- **DESCRIPTION OF THE TASK**:
Omit the pictures, then reproduce exactly the line bearing "AngelicAnne" and every line after it up to and including the last line of the entries below.

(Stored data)

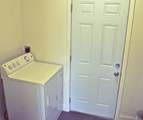 936 45th Street - Photo 10
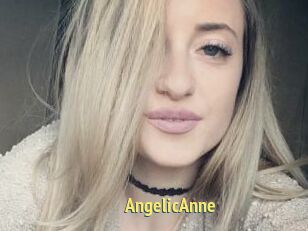 AngelicAnne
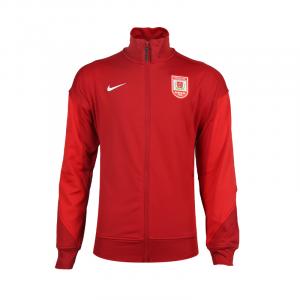 Футбольная майка унисекс HM5747628 средней жесткости Nike, hm5747628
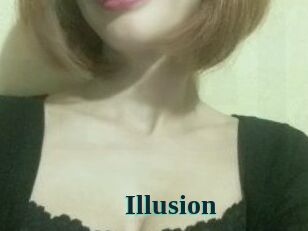 Illusion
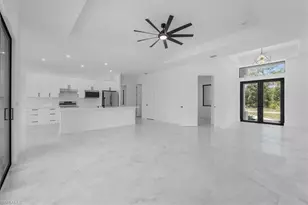 121 Moore Ave, Lehigh Acres, FL 33936 - Photo 8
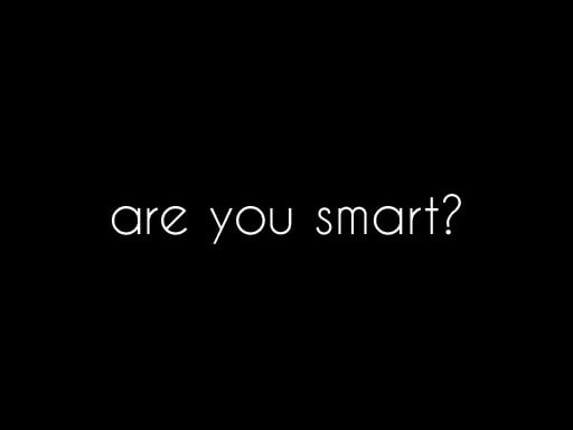 Brain Test Game Cover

- **OUTPUT FOR THIS EXERCISE**:
 AngelicAnne
 Футбольная майка унисекс HM5747628 средней жесткости Nike, hm5747628
 Illusion
 121 Moore Ave, Lehigh Acres, FL 33936 - Photo 8
 Brain Test Game Cover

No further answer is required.